[cryptography] The Trouble with Certificate Transparency

Nicolai nicolai-cryptography at chocolatine.org
Sun Sep 28 18:46:42 EDT 2014

On Sun, Sep 28, 2014 at 05:18:33PM -0400, Paul Wouters wrote:
> On Sun, 28 Sep 2014, Nicolai wrote:
> >On Fri, Sep 26, 2014 at 10:31:00PM -0400, Paul Wouters wrote:
> >
> >>But we have other decentralised methods that have better privacy (such
> >>as dnssec
> >
> >DNSSEC is not encrypted, so it has no privacy.  It even leaks data that
> >DNS doesn't.  I just checked, and all 5 Eyes plus China and Russia
> >support DNSSEC.
> You took it out of context. What I wrote was about certificate checking:
> 	Of course, one has to be careul not to make the same privacy mistakes as
> 	CRL/OCSP did. But we have other decentralised methods that have better
> 	privacy (such as dnssec, onion sites or whatever blockchain variation
> 	you think is stable infrastructure)
> This is about the privacy of sending centralised entities a request for
> some "certificate validation" every time you visit their website by performing
> a "certificate check". Like sending Comodo a OCSP request everytime I
> visit https://privacy.org.
> A better method for distributing such certificate validity information
> is using DNS(SEC), as those queries are are cached and decentralised. No
> single entity can track those back to me. There is no direct link
> between my DNS query for TLSA of privacy.org versus someone else's,
> if it is going through ISP caches, external DNS providers, etc etc.
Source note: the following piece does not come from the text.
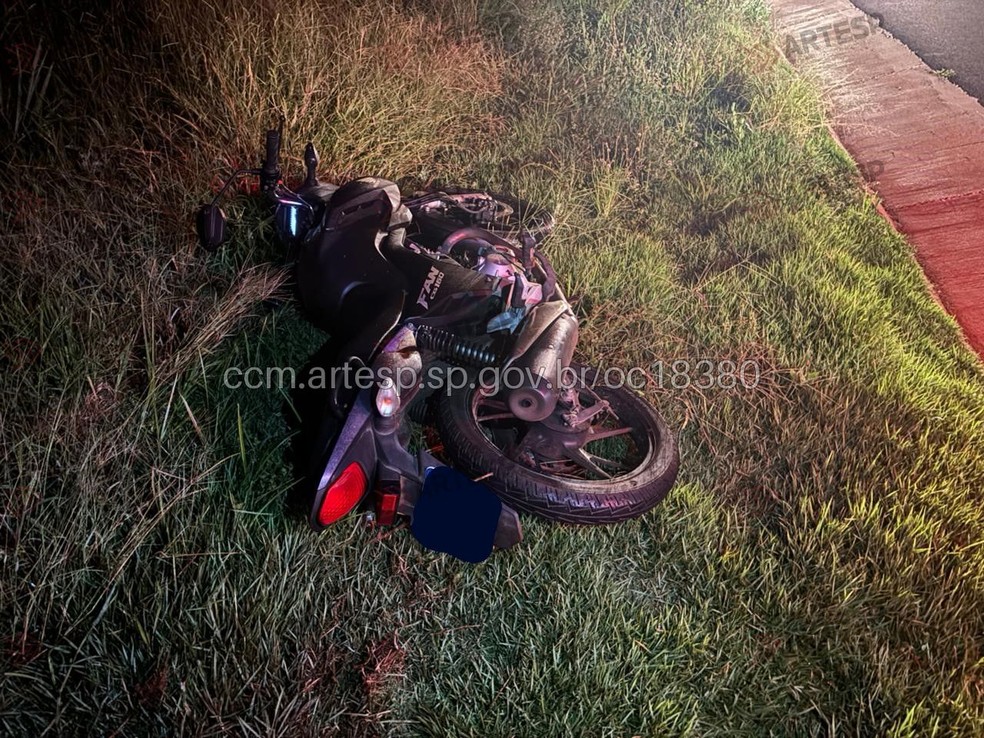 1 de 1
Motociclista morreu ap&oacute;s perder controle da moto, atingir caneleta de drenagem da rodovia e bater contra &aacute;rvore em Borac&eacute;ia &mdash; Foto: Artesp/Divulga&ccedil;&atilde;o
I understand your point and agree -- all I'm saying is that this is a
property of DNS, not DNSSEC.  By calling DNSSEC (specifically) a privacy
method, some people will incorrectly assume that DNSSEC is encrypted.
Because of such statements, it's a common misconception, and that's
worth addressing.

Would you agree that DNSCrypt is more of a "privacy method" than DNSSEC
in this context, since DNSCrypt inherently decouples the client from the
resolver, unlike DNSSEC, which can be run on localhost?